The effect of early-season flower bud damage on yield, quality, and maturity of cotton, Gossypium hirsutum L., was determined at Florence and Blackville, SC, from 1989 to 1994. From 1989 to 1991, yields from insecticide-treated plots for Heliothis virescens (F.) during June were compared with plots left untreated during June. In all cases from 1989 to 1991, no significant differences in yield were observed between treated and untreated plots. From 1992 to 1994, H. virescens damage was simulated by hand-removal of flower buds. In 1992, no significant differences were observed in yield, maturity, or lint quality following removals as high as 100% for 4 consecutive weeks. In 1993, a l-wk delay in maturity was observed in 'DES 119' and 'Deltapine 90' at both locations following removals of 100% for 3 and 4 wk, and in 1994 at Blackville following removals of 100% for 3 wk. From 1992 to 1994, there were no significant yield effects following any flower bud removal level or duration, but in 1993 at Blackville, there were significant removal X planting date and removal X planting date X cultivar interactions.

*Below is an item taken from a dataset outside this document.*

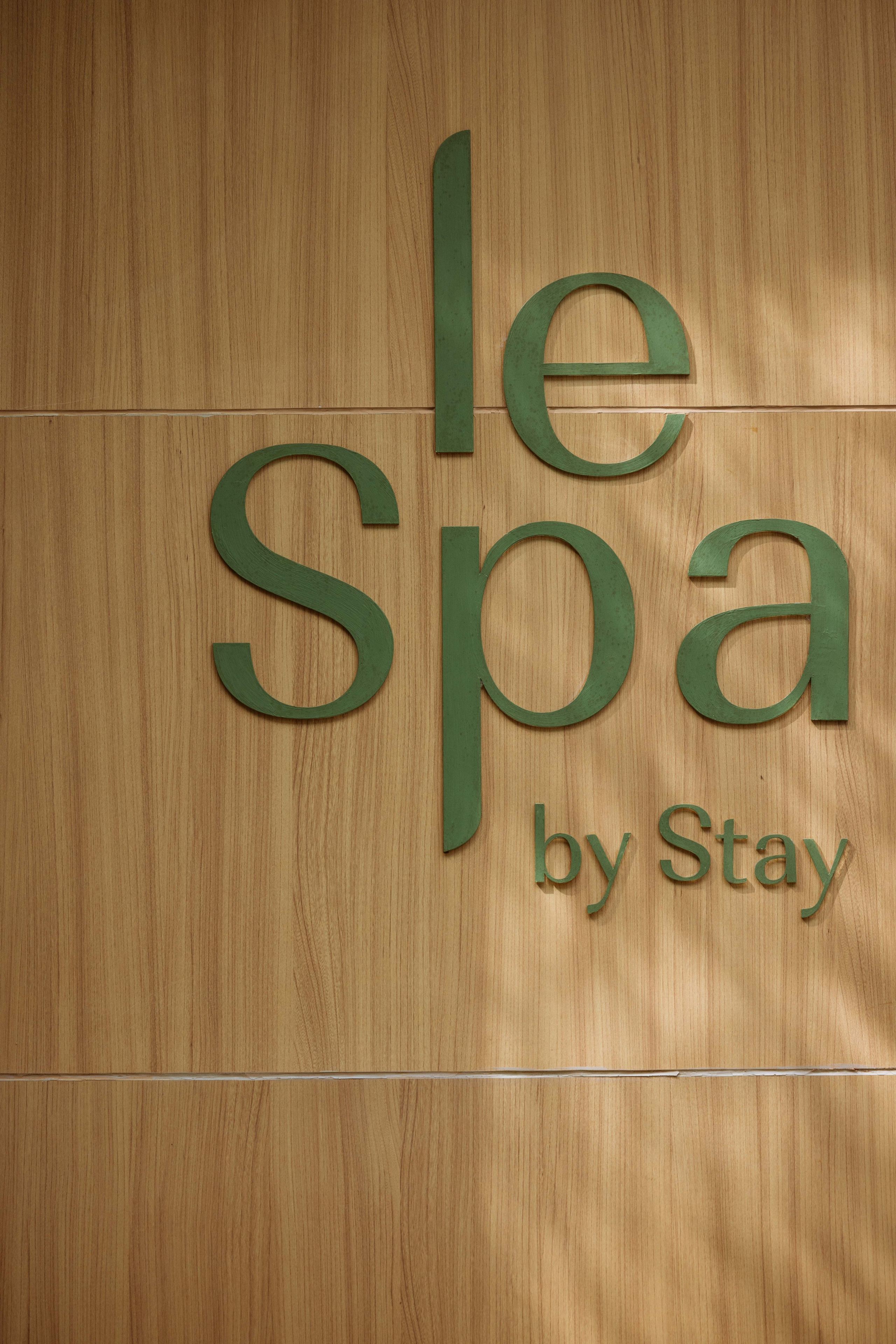 Le spa. Brand designer | photographer | model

In this instance, DES 119 planted late (28 May) and grown under irrigated and dryland conditions experienced yield reductions of 30-45% after 100% removal for 3 or 4 wk that extended into mid-July. No other significant interactions with removal occurred, and no differences in lint quality were observed. Our data indicate that cotton compensates adequately for flower bud loss in June in South Carolina, and that insecticides for H. virescens seldom are needed early in the season. Opportunities to ameliorate traditional insecticide approaches for cotton insect management are discussed by considering our data in conjunction with the expansion of the Boll Weevil Eradication Program and the deployment of cotton cultivars that contain genes for expression of the delta-endotoxin of Bacillus thuringiensis in other areas of the Cotton Belt.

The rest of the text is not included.